Print again, word for word, all of the records below, and leave the pictures out.
::::
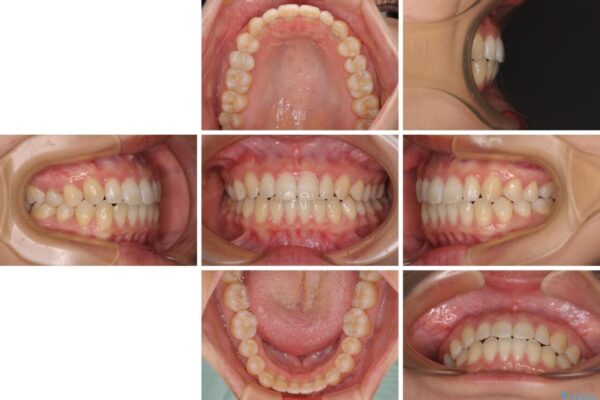 隙間だらけの歯列　インビザラインで改善 治療後画像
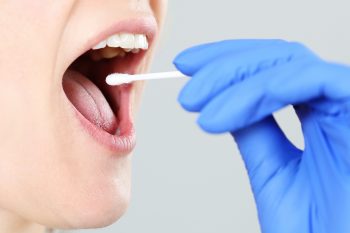 Wymaz z gardła – wskazania, przygotowanie i przebieg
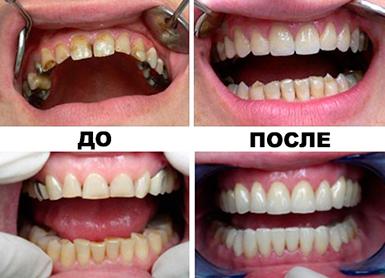Стоматологическая клиника "Биодент" Павлодар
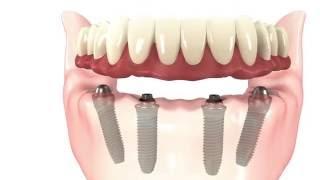 All-on-4 Dental Implants Simple Procedure Animation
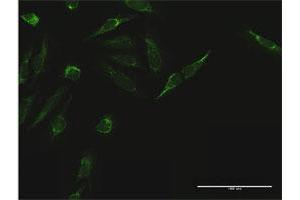 Immunofluorescence of purified MaxPab antibody to TIMM44 on HeLa cell. (TIMM44 anticorps  (AA 1-452))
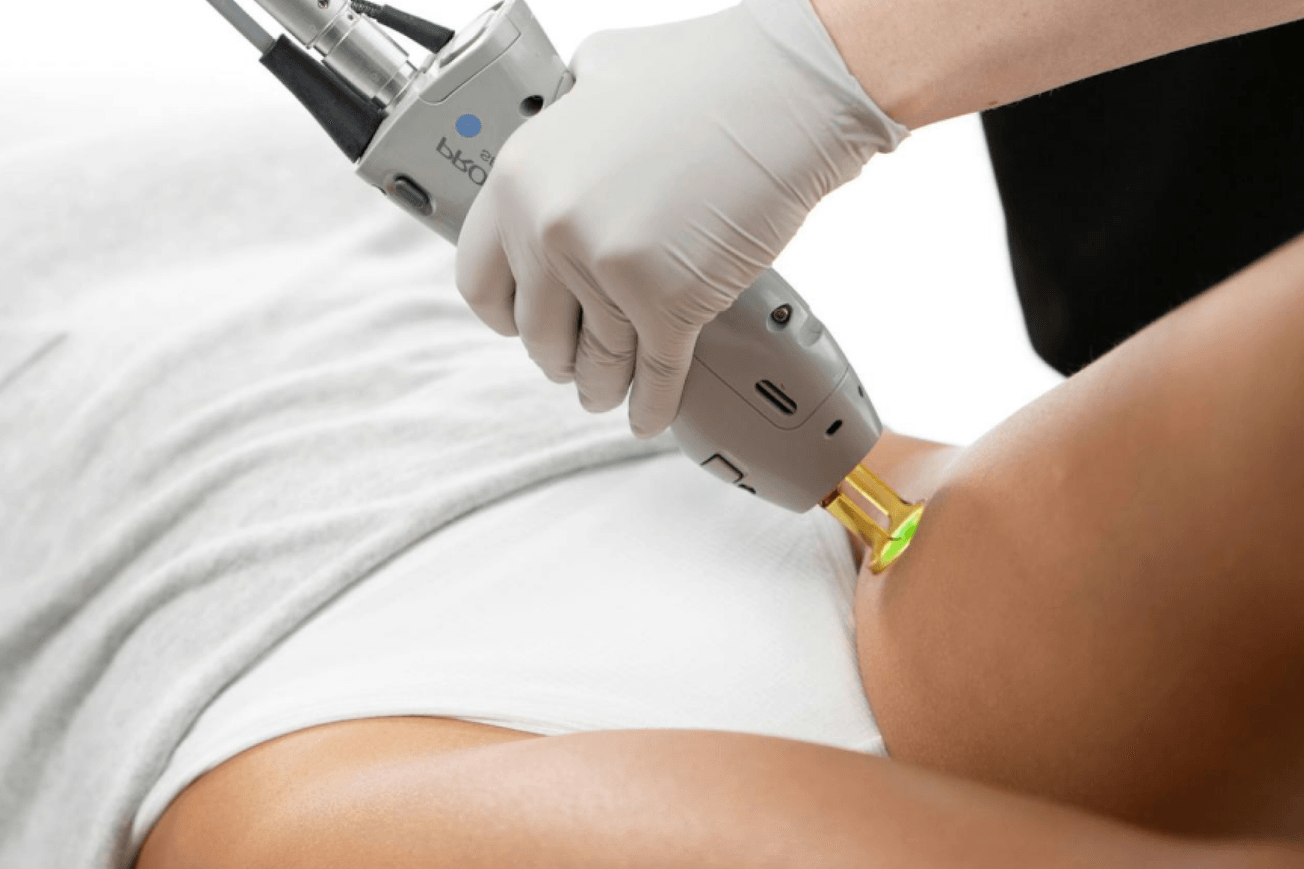 Laser Hair Removal treatment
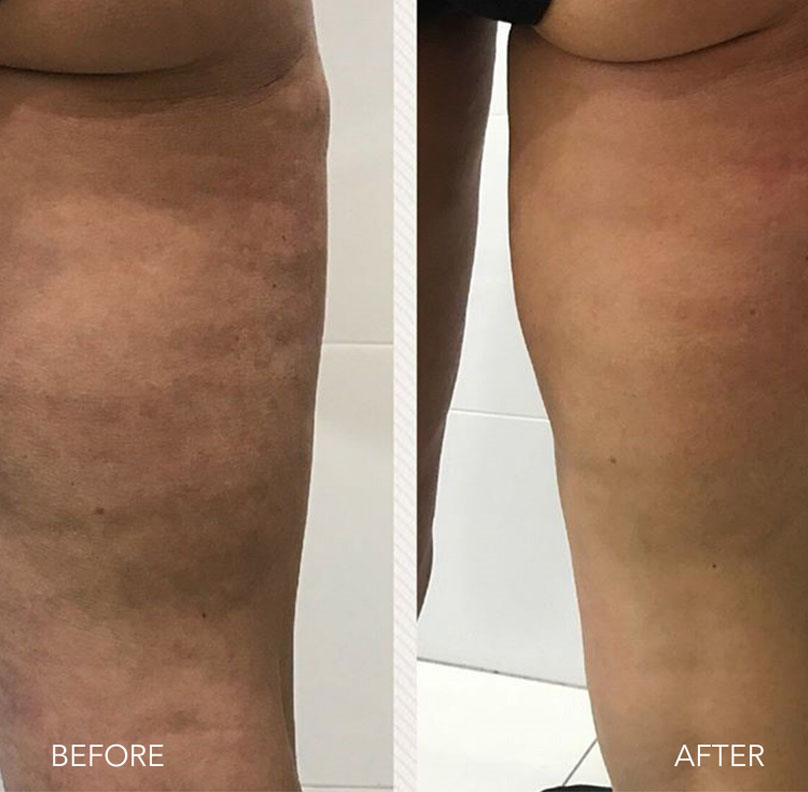 Cellulite Treatment (Before & after results)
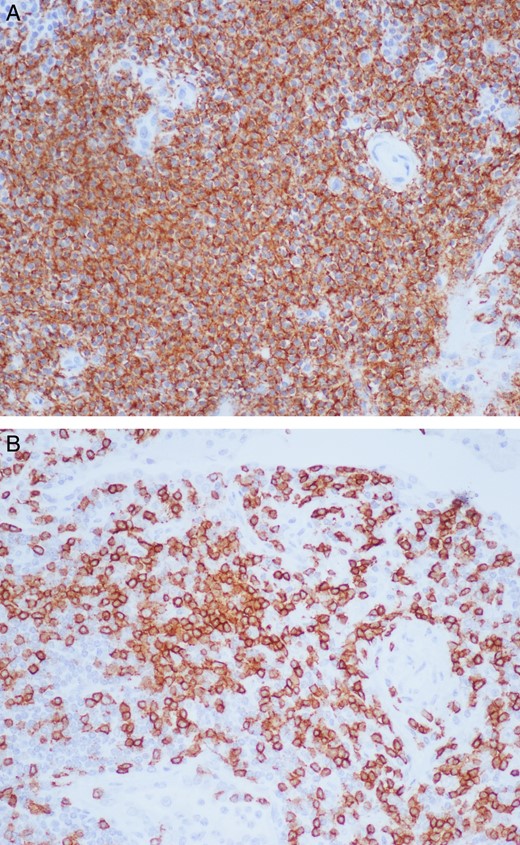 Right upper lobe lung mass under 20× magnification with staining for CD-20 and CD-3 showing a dense lymphoplasmacytic infiltrate mainly consisting of B cells (A) and fewer T cells (B).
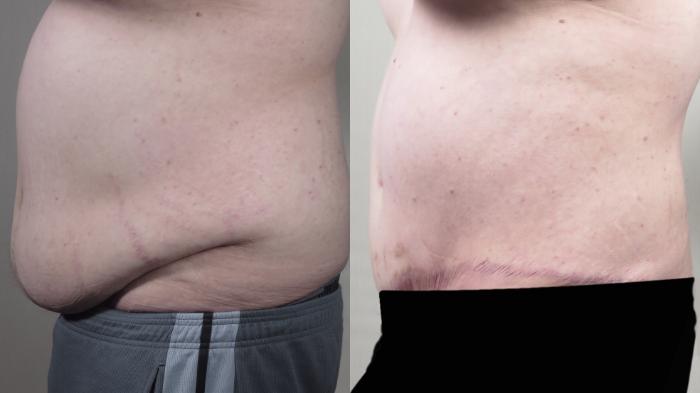 Liposuction Case 1541 Before & After Left Side | Paramus, New Jersey | Parker Center for Plastic Surgery
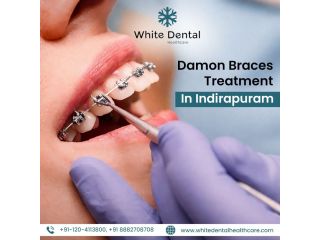 damon-braces-treatment-in-indirapuram-for-perfect-smile-small-0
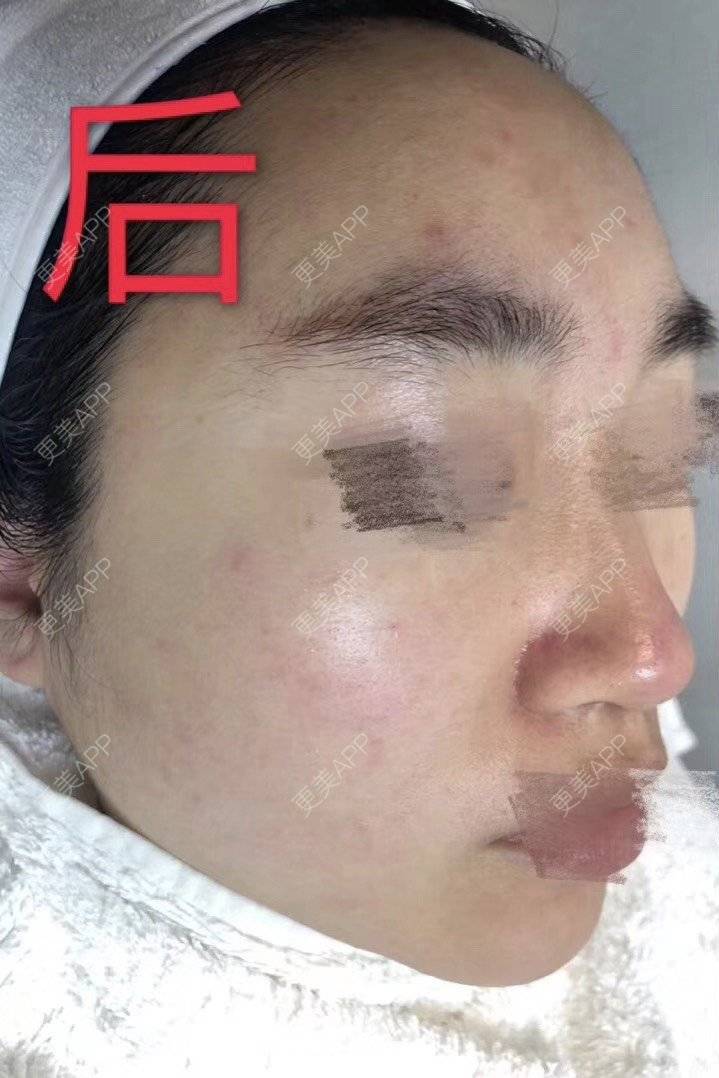 更美 - 悦怡姐姐的水氧活肤经验 | 水氧活肤 | 皮肤综合管理套餐 | 上海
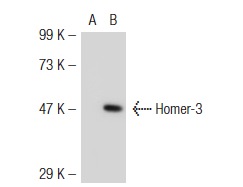Homer (E-18): sc-8921. Western blot analysis of Homer-3 expression in non-transfected: sc-117752 (A) and mouse Homer-3 transfected: sc-120874 (B) 293T whole cell lysates.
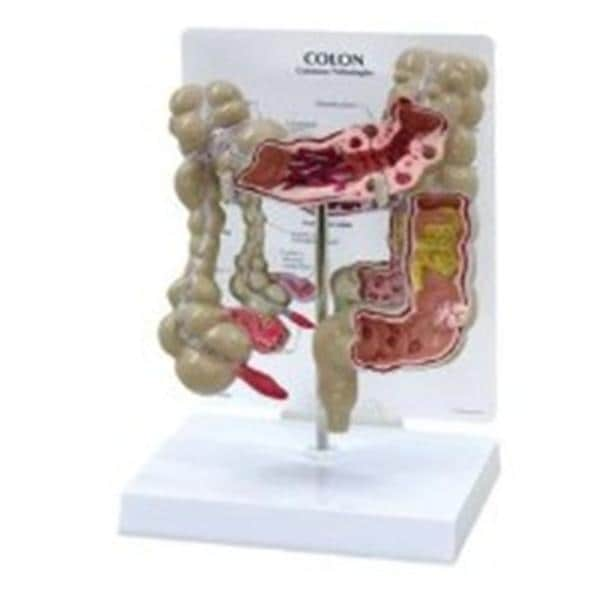 GPI Anatomicals Colon Model Ea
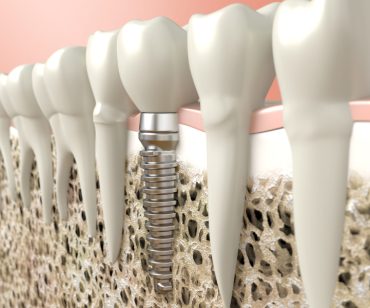 Imagen de implante dental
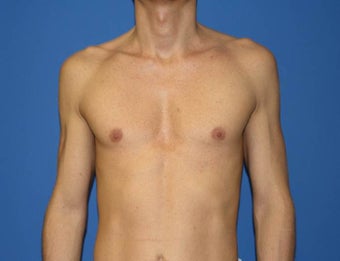Pectoral Implants, Chest Augmentation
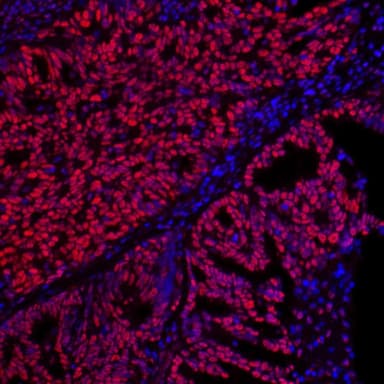 Rabbit anti-SET IHC Antibody, Affinity Purified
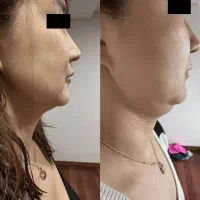 پی بی سرم کانتورینگ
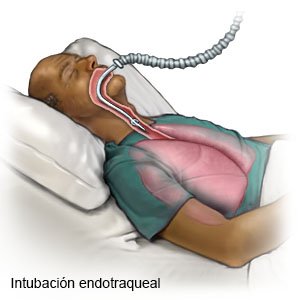 Tubo Endotraqueal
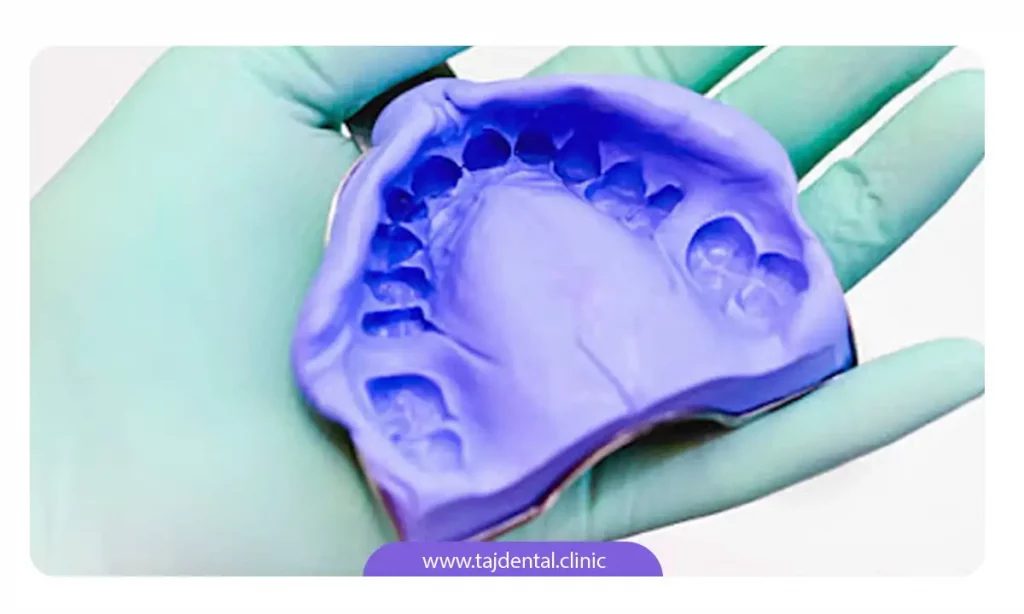 عکس ایمپرشن یا قالب برای ارتودنسی دندان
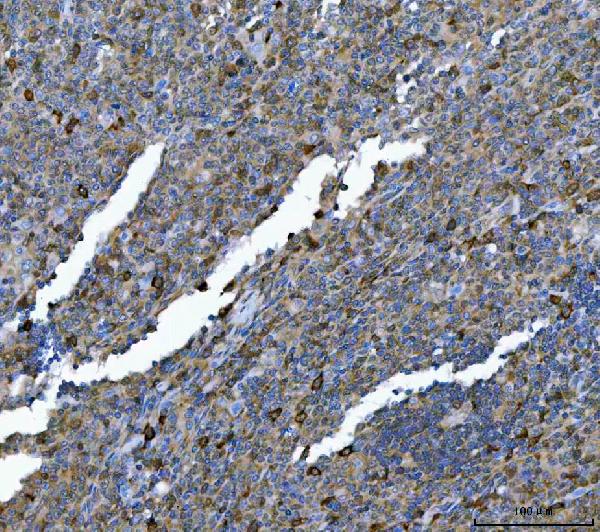 2 - Anti-Hsp90 alpha + beta HSP90AA1 Rabbit Monoclonal Antibody ABO14256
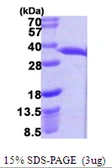 E. coli hchA protein, His tag. GTX57473-pro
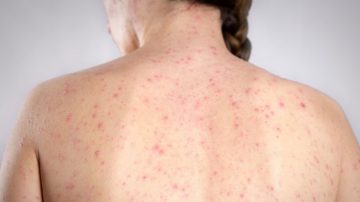 Alerta epidemiológico: Registran cuatro casos de sarampión en CABA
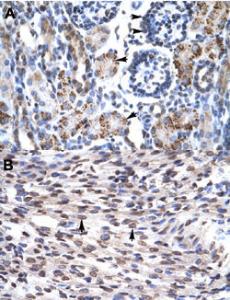 Anti-GFI1B Rabbit Polyclonal Antibody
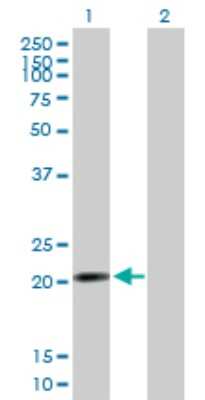 Western Blot: NUP62CL Antibody [H00054830-B01P] - Analysis of RP13-383K5.2 expression in transfected 293T cell line by RP13-383K5.2 polyclonal antibody.  Lane 1: RP13-383K5.2 transfected lysate(20.24 KDa). Lane 2: Non-transfected lysate.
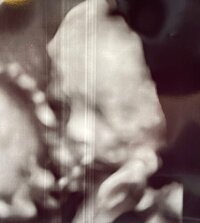 だいたひかる『そっくり!?エコー写真』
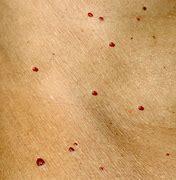 Image result for Dark Red Spots On Skin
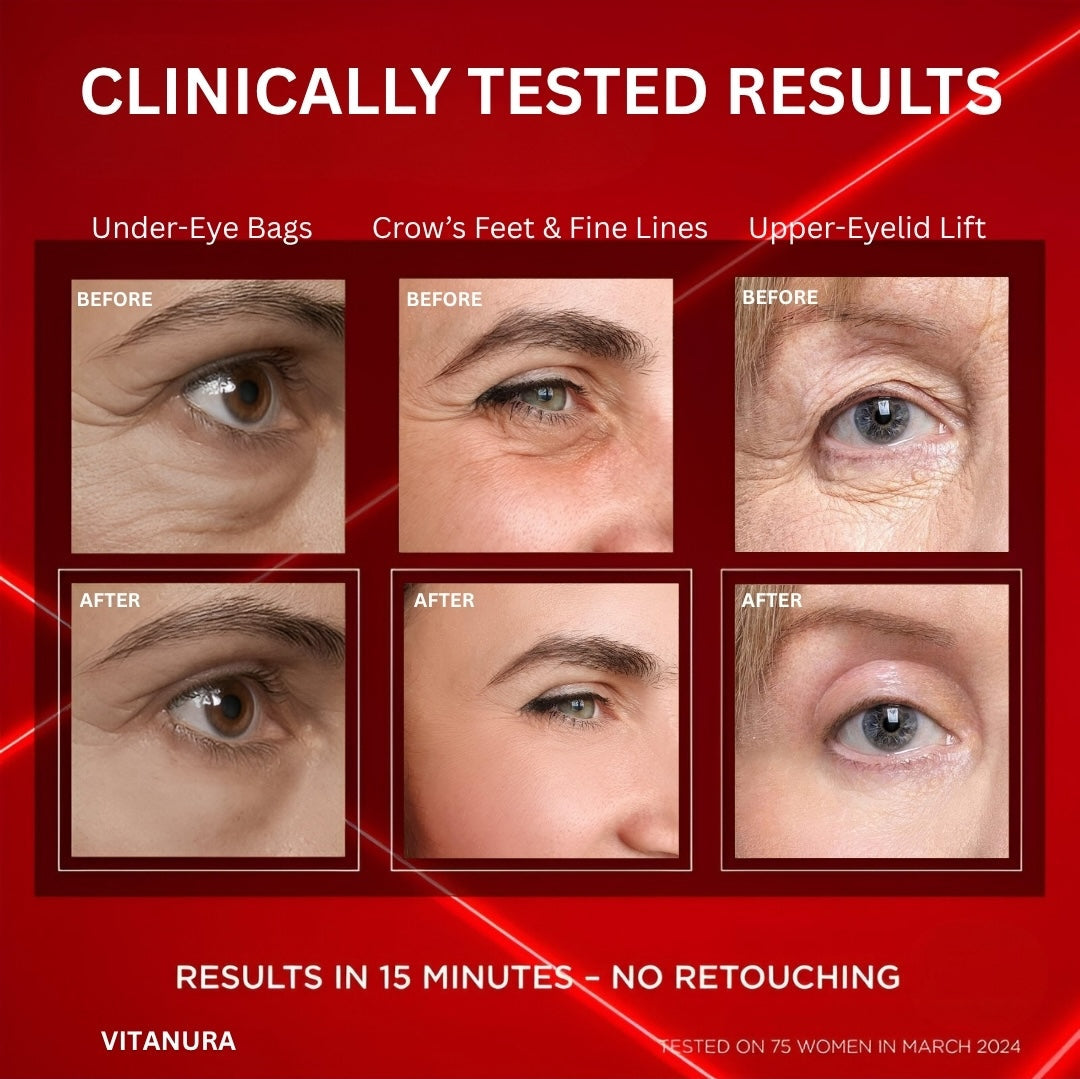 EYE BAG INSTANT ERASER – New Formula, Ultimate Lift & Smooth Finish ✨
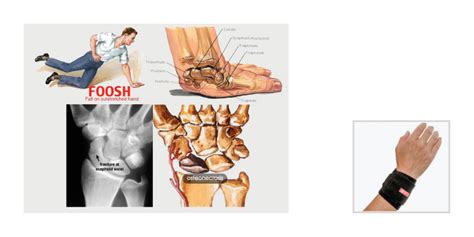 Ulnar Wrist Pain Causes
::::
- [Response box]:
 隙間だらけの歯列　インビザラインで改善 治療後画像
 Wymaz z gardła – wskazania, przygotowanie i przebieg
Стоматологическая клиника "Биодент" Павлодар
 All-on-4 Dental Implants Simple Procedure Animation
 Immunofluorescence of purified MaxPab antibody to TIMM44 on HeLa cell. (TIMM44 anticorps  (AA 1-452))
 Laser Hair Removal treatment
 Cellulite Treatment (Before & after results)
 Right upper lobe lung mass under 20× magnification with staining for CD-20 and CD-3 showing a dense lymphoplasmacytic infiltrate mainly consisting of B cells (A) and fewer T cells (B).
 Liposuction Case 1541 Before & After Left Side | Paramus, New Jersey | Parker Center for Plastic Surgery
 damon-braces-treatment-in-indirapuram-for-perfect-smile-small-0
 更美 - 悦怡姐姐的水氧活肤经验 | 水氧活肤 | 皮肤综合管理套餐 | 上海
Homer (E-18): sc-8921. Western blot analysis of Homer-3 expression in non-transfected: sc-117752 (A) and mouse Homer-3 transfected: sc-120874 (B) 293T whole cell lysates.
 GPI Anatomicals Colon Model Ea
 Imagen de implante dental
Pectoral Implants, Chest Augmentation
 Rabbit anti-SET IHC Antibody, Affinity Purified
 پی بی سرم کانتورینگ
 Tubo Endotraqueal
 عکس ایمپرشن یا قالب برای ارتودنسی دندان
 2 - Anti-Hsp90 alpha + beta HSP90AA1 Rabbit Monoclonal Antibody ABO14256
 E. coli hchA protein, His tag. GTX57473-pro
 Alerta epidemiológico: Registran cuatro casos de sarampión en CABA
 Anti-GFI1B Rabbit Polyclonal Antibody
 Western Blot: NUP62CL Antibody [H00054830-B01P] - Analysis of RP13-383K5.2 expression in transfected 293T cell line by RP13-383K5.2 polyclonal antibody.  Lane 1: RP13-383K5.2 transfected lysate(20.24 KDa). Lane 2: Non-transfected lysate.
 だいたひかる『そっくり!?エコー写真』
 Image result for Dark Red Spots On Skin
 EYE BAG INSTANT ERASER – New Formula, Ultimate Lift & Smooth Finish ✨
 Ulnar Wrist Pain Causes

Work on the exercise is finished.